Washington Schools Superintendent Mike Jorgensen said every building in the district prepares for emergencies, such as a school shooting, through lockdown drills. The schools will run lockdown drills when the students are in the building, and the schools also invite the police and sheriff’s department into the buildings to perform SWAT training.
Jorgensen said all four school buildings in the district lock every door but one while school is in session.
“We have security cameras in all of our buildings,” he said. “In two of the buildings, we have secured entryways, which means everyone has to go through the office.”
Jorgensen added that every “parent or administrator has a big ball in the pit of their stomach right now.”
“It was a scary feeling on Friday,” he said. “Every time you hear about it, you know it could be your school next. This is the first time we’ve seen it happen to kids at this age level. It’s very depressing.”
Miller said the four buildings in the district develop the same lockdown procedures to allow for easy coordination with the police.
“We do a lockdown drill every year,” he said. “The police check to make sure our plan ran smoothly, then they debrief us on our emergency procedures.”
Miller said the teachers and administrators have a flip chart they go over about how to respond to various emergencies.
“We focus a lot on preparation,” he said. “If something were to happen, you have to react with the skills you’ve learned beforehand.”
Lincoln Elementary Principal Dave Hoffman said he was heartbroken to learn of the tragedy at Sandy Hook Elementary. He said he did not alert the students to it that afternoon because he did not want to scare them.
“That’s something that’s best for them to talk about with their parents,” he said. “We’ll let the schools do the follow-up.”
Hoffman said he wants to reassure parents and children that schools are a safe place.
“We try to make our buildings as safe as possible,” he said.
Hoffman said the joint training the teachers do with the police is normally conducted on teacher work days. He said the teachers just performed a lockdown drill a month or two ago.
Guns are not allowed on school premises in Iowa. Hoffman expects there will soon be further debate on guns, school safety, and mental issues at the federal level. He said he hopes that teachers do not have to carry guns in order to ensure safety in the schools, but he added that “things are sure headed that way.”
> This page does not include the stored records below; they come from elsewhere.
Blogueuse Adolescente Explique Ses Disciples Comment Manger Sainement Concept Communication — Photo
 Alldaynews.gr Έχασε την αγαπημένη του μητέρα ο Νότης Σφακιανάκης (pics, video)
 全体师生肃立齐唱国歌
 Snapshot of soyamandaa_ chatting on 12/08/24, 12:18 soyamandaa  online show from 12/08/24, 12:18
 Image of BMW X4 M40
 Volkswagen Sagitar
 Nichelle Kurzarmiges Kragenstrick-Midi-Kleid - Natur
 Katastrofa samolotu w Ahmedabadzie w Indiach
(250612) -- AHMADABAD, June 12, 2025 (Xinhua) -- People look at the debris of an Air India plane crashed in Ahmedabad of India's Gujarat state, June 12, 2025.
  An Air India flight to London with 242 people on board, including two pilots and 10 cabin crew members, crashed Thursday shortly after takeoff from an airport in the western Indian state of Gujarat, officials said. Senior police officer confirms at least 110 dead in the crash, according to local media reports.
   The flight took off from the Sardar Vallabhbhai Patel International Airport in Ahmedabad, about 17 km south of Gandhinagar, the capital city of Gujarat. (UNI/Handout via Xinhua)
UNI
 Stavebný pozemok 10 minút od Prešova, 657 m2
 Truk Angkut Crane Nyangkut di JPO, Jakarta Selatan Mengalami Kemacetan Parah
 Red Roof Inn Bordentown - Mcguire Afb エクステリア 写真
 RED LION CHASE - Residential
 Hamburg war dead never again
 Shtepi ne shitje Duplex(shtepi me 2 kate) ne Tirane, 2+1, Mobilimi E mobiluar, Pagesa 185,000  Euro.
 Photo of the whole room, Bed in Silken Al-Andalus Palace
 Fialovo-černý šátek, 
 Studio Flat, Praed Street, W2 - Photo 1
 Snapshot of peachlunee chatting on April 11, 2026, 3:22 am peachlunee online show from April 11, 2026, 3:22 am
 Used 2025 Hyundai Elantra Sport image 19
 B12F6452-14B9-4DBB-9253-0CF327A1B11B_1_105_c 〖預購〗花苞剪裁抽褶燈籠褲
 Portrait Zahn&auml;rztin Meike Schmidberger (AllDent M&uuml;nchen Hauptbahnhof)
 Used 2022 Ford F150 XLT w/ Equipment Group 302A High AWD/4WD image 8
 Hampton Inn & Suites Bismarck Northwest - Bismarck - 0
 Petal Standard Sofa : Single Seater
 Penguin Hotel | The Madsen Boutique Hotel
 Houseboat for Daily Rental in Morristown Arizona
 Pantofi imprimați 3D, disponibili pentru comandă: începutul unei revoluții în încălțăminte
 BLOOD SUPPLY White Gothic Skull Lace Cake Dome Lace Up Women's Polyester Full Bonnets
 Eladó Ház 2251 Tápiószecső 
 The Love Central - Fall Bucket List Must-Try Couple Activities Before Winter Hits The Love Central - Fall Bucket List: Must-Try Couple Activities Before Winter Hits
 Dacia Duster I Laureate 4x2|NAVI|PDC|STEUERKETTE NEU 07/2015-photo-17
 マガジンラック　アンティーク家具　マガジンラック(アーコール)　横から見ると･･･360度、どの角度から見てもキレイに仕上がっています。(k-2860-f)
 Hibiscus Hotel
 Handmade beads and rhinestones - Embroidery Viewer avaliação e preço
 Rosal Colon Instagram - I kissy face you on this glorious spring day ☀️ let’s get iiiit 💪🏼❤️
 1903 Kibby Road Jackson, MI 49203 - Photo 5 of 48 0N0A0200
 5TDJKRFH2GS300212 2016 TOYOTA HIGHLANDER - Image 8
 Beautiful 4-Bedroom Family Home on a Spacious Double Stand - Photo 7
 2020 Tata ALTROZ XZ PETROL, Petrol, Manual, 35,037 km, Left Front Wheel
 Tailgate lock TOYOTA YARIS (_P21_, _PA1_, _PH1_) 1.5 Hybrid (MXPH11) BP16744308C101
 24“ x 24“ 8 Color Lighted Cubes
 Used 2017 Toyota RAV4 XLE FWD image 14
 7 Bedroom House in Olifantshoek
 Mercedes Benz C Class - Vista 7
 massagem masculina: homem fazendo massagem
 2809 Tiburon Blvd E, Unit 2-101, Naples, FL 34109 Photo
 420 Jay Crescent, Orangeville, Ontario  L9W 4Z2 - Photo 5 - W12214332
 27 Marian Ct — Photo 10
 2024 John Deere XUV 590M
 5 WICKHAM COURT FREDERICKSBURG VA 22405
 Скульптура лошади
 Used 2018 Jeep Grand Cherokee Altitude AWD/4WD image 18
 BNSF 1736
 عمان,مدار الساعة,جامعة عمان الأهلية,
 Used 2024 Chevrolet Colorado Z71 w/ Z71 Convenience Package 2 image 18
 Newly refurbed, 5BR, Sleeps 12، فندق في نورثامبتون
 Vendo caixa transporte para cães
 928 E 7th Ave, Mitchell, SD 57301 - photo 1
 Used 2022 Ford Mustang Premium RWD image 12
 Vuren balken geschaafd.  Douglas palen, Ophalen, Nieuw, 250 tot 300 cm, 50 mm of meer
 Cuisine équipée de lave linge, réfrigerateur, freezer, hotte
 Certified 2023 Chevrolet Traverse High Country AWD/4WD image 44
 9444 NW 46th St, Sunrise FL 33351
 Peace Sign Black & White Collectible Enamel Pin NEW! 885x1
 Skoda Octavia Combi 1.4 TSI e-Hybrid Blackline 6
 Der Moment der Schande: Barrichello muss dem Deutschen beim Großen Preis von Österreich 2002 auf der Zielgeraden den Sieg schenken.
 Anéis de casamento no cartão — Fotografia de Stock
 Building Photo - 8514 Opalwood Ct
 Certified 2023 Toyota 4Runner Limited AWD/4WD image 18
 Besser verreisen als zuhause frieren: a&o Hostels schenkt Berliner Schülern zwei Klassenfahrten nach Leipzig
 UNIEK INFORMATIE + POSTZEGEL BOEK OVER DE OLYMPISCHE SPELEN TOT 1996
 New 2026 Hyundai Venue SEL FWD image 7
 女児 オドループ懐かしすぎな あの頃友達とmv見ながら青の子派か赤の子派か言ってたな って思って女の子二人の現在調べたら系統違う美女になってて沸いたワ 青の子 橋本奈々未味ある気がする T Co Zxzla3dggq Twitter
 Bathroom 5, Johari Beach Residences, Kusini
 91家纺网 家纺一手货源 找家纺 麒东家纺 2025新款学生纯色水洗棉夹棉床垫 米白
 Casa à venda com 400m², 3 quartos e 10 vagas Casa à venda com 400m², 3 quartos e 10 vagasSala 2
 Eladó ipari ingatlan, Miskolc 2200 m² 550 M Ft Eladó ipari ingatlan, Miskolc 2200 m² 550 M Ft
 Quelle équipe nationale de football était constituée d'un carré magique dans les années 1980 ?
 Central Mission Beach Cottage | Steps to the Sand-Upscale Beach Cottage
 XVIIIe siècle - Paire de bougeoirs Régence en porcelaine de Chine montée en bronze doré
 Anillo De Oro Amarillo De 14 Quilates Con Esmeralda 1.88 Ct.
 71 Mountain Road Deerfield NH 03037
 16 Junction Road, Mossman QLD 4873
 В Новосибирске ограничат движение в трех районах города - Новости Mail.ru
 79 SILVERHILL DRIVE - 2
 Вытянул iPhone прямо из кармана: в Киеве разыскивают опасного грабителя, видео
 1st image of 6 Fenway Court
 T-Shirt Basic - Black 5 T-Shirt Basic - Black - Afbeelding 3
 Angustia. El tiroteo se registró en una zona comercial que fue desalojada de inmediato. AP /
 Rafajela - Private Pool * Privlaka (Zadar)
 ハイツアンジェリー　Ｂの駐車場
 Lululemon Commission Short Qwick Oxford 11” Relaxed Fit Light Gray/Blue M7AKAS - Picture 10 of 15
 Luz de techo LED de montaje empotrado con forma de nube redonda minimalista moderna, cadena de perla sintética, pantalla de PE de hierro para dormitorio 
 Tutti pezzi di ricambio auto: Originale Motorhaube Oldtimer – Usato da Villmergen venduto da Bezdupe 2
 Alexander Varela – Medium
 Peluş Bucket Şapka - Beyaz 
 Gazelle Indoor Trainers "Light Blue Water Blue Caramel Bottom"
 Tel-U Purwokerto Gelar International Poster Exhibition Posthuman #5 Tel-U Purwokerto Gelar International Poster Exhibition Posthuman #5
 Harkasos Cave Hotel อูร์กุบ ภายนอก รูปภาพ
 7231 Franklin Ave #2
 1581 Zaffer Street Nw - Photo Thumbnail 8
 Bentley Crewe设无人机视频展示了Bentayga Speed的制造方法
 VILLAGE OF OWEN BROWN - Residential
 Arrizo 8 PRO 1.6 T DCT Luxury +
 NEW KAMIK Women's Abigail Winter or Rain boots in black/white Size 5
Jorgensen added that he also believed Sandy Hook followed all its safety procedures, but that did not prevent the tragedy. He said there is no way a school can prevent a shooting with 100 percent certainty.
Jorgensen has a meeting Wednesday with the police and the sheriff’s departments. He said it was planned before the Sandy Hook shooting and was not arranged as a reaction to it.
“We’re always reviewing safety procedures,” he said. “I’m sure that, as a result of what happened, there will be other guidelines and information that will change our plans. I have a feeling there will be a significant response on the federal level. Whether that’s through gun control or more money for security, I don’t know.”